Читаем Очерки русского благочестия. Строители духа на родине и чужбине полностью

Стремление не отстать от всего передового, того «передового», что нам навязано, но нам чуждо, стремление воспринимать только внешность, не заглядывая в сущность, – это стремление нашло свое выражение и в криках о самоуправлении, нашей отсталости и в общих брюзжаниях и недовольстве всем настоящим. Но что отражают эти крики? Желание сделать реверанс тем, кто не считает нас даже достойными себя, желание сказать, что я один умный, а вы все глупы? Какая наивность, какое недомыслие! Мы и не подозреваем того, как смеются над нами наши западные учители, с какою жадностью следят за каждым движением нашей общественной мысли, не замечаем, вероятно, и расставленных нам сетей, иначе право бы сумели проявить в чем-либо более ярком и свой национальный эгоизм. И где теперь та почва, на которой сталкивались бы люди даже одинаковых положений?! Нет такой почвы, ибо каждый пошел своею дорогой и никогда не встретится, а если и встретится, то сделает вид, что не замечает. Вот они, эти причины и непонимания и недоверия друг к другу, недоверия к правительству, недоверия и к агентам его.
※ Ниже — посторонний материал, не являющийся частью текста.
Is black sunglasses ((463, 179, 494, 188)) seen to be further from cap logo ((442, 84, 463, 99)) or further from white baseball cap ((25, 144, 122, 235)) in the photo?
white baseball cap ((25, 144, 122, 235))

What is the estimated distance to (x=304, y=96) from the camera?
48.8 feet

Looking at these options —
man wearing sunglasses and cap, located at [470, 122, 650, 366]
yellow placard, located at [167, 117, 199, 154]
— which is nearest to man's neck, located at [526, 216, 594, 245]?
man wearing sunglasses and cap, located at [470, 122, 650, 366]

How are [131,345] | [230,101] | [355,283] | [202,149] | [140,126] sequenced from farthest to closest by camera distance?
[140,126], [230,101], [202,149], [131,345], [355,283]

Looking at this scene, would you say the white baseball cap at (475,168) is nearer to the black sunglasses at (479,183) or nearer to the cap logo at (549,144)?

Чем же иначе объяснить себе такую, например, фразу: «Мы – земцы, вы – чиновники». Надеюсь, не я один ее слышал. Чем же объяснить этот антагонизм между правительством и обществом, между обществом и Церковью, между чиновниками и не чиновниками; чем объяснить эту уверенность, что чиновник, как таковой, не имеет ни души ни сердца, что малейшая попытка его показать и свою душу и свое сердце вызывает у либералов молчаливое «timeo Danaos et dona ferentes»[84].
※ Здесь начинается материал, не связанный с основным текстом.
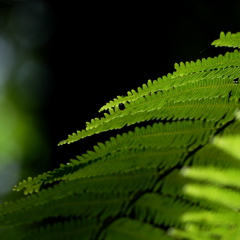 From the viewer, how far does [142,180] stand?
0.62m

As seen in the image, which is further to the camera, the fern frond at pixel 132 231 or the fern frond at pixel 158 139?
the fern frond at pixel 158 139

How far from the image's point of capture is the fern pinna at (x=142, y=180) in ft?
1.84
Правда, чиновный мир действительно окован оковами «панформализма», но ведь и на это имеются свои причины. Мне кажется даже, что чем человек добрее, тем большим формалистом он будет казаться. Различие положений меняет точку зрения и при общности взглядов. Сердечно добрый человек, оставаясь таковым в частной жизни, сделавшись начальником, обязанный стоять на страже интересов разных людей, поневоле должен быть только справедливым и не забывать, что прощение виноватого есть наказание правого.

И естественно, что первому он всегда будет казаться формалистом, а может быть даже извергом.
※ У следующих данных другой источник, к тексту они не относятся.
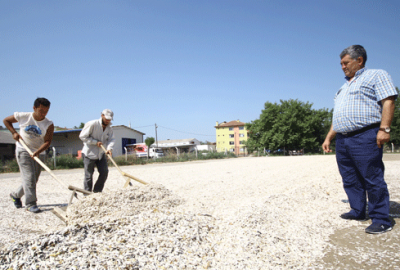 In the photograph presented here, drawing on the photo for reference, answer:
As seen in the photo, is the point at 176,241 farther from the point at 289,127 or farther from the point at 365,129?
the point at 289,127

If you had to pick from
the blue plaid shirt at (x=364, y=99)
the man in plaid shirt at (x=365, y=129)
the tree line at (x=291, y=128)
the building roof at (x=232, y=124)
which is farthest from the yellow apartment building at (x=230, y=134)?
the blue plaid shirt at (x=364, y=99)

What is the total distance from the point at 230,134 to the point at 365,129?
67905mm

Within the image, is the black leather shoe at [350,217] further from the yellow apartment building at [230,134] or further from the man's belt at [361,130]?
the yellow apartment building at [230,134]

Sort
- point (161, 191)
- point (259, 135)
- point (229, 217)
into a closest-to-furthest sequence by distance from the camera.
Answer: point (229, 217) → point (161, 191) → point (259, 135)

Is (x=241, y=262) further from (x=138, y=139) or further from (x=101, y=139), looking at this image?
(x=138, y=139)

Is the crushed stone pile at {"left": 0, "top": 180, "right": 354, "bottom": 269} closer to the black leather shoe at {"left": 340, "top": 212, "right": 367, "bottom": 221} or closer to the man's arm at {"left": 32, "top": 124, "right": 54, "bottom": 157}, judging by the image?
the black leather shoe at {"left": 340, "top": 212, "right": 367, "bottom": 221}

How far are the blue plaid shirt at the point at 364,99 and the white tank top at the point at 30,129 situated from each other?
4.17 metres

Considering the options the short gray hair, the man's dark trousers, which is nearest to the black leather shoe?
the short gray hair

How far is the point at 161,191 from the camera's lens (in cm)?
396

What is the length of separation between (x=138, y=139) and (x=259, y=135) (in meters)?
19.5

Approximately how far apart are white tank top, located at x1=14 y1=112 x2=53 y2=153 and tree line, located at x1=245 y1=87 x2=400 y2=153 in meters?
36.6

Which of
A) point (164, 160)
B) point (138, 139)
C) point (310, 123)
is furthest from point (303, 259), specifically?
point (310, 123)

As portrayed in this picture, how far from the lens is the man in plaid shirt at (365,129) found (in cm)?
247

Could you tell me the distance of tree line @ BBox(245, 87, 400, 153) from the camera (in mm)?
38125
Но именно в этом и трагизм положения каждого начальника, от великого и до малого. Каждому начальнику известно и знакомо сознание неизбежности казаться иногда не тем, чем он есть; в большей или меньшей степени каждый начальник испытывает от такого сознания нравственную неудовлетворенность духа, но как выйти из этого положения? Неужели променять долг службы на популярность? Но так ведь и делают, и едва ли у нас уж так много «формалистов»?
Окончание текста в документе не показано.